Is It Illegal to Pick Flowers at a National Park?

National parks can be beautiful places to visit, but you’ll want to brush up on what may be illegal in each location. 

Maybe you remember the easy rules like pack it in, pack it out. But can you take out something you didn’t bring in, like a flower? 

Today we’ll brush up on the rules of America’s best parks. 

Let’s explore!

The History of National Parks?

Yellowstone became the first-ever national park in 1872. Others sprouted up in the 1980s, including Yosemite. These spaces exist to help protect the natural beauty and wildlife that resides within them. 

In 1916, President Woodrow Wilson created the National Park Service (NPS). This federal organization protected the nation’s 35 public sites. The Organic Act of 1916 specifies that the government should protect these sites to “leave them unimpaired for the enjoyment of future generations.” Today, the NPS preserves over 400 locations covering more than 84 million acres.

Yellowstone National Park, United States – August 16, 2018: Tourists crowded in front of Old Faithful geyser located within Yellowstone National Park, Wyoming, USA

Who Investigates Illegal Activities in National Parks?

While most people visit to enjoy scenery and wildlife, a few may have nefarious intentions. For this reason, the NPS developed the Investigative Services Branch (ISB). 

This highly trained team of criminal investigators looks into crimes committed in national parks. The ISB has foiled plots to grow drugs on federal land and thwarted poaching attempts. But they also investigate offenses of any nature, from embezzlement to violence, that occur within their borders. 

Can You Pick Flowers at a National Park?

You might be the subject of an ISB investigation if you pick flowers during your stay.
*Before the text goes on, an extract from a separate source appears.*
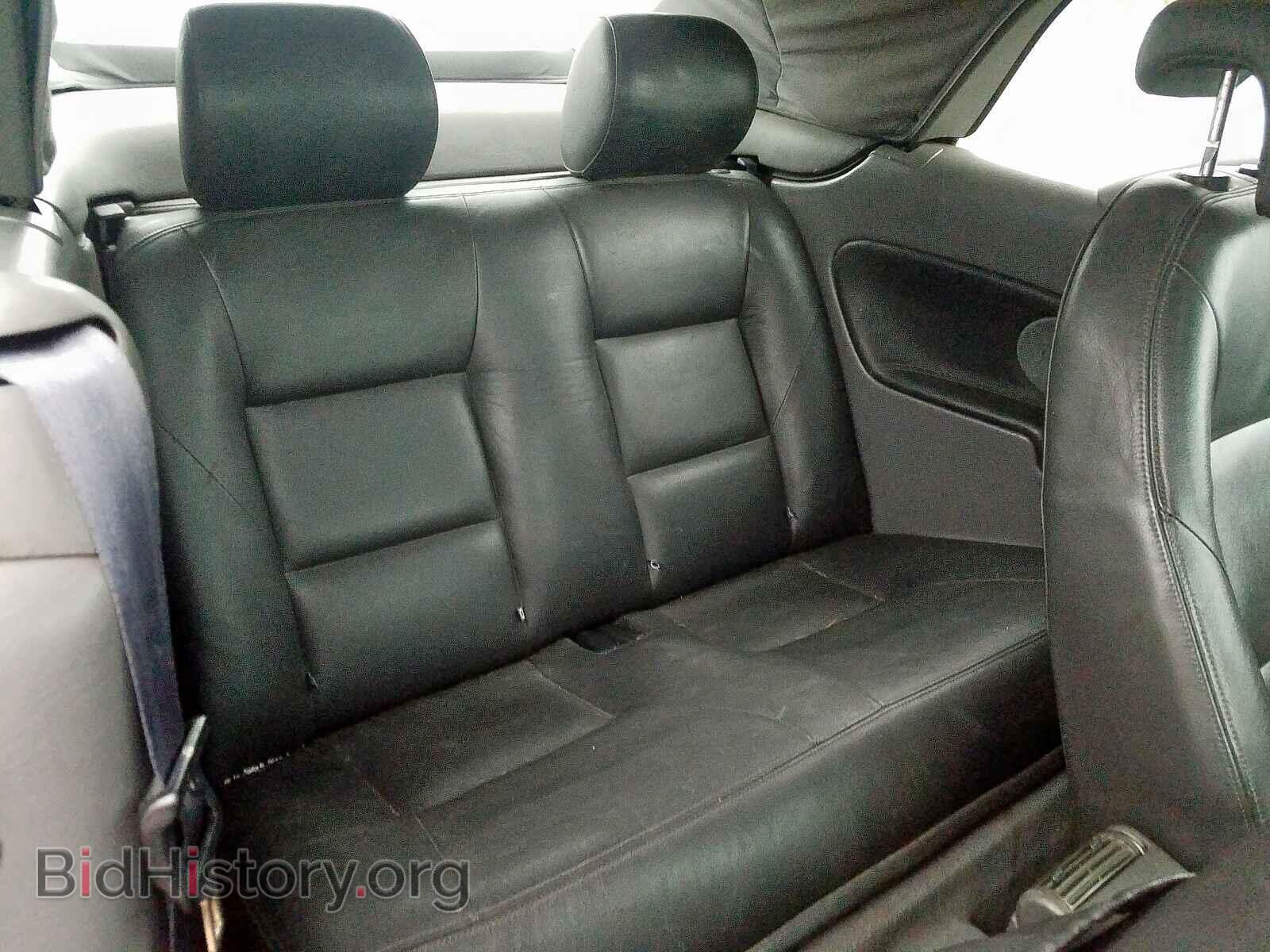 2003 SAAB 9 3 - VIN: YS3DF78K237006546 - Фото 6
Gathering a few as souvenirs may seem okay, but removing them from their habitat can harm the ecosystem. If you remove a blossom, it won’t spread its seeds. This means that next year, fewer will grow. Some species may be endangered, and taking only a few specimens could be catastrophic to wildlife. 

Next time you visit, remember the motto, “take only photos, leave only footprints.” Picking flowers in national parks is illegal. Enjoy a good look at the blooms, and leave them alone for other visitors to enjoy. 
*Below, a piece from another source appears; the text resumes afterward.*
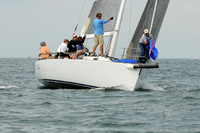 2012 Charleston Race Week B 821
Other Illegal Activities to Avoid in National Parks

The NPS enforces several laws to protect wildlife. Receiving a citation for doing something illegal in a national park will surely ruin your vacation. Let’s go over the rules you should know for best practices during your next visit to federal land. 

Flying a Drone

The NPS outlawed drones at all locations in 2014. These tiny, remotely operated aircraft can be a nuisance to the local animals. Pilots may also create their own trails to collect their gear after a crash, unknowingly crushing important plants beneath their feet. 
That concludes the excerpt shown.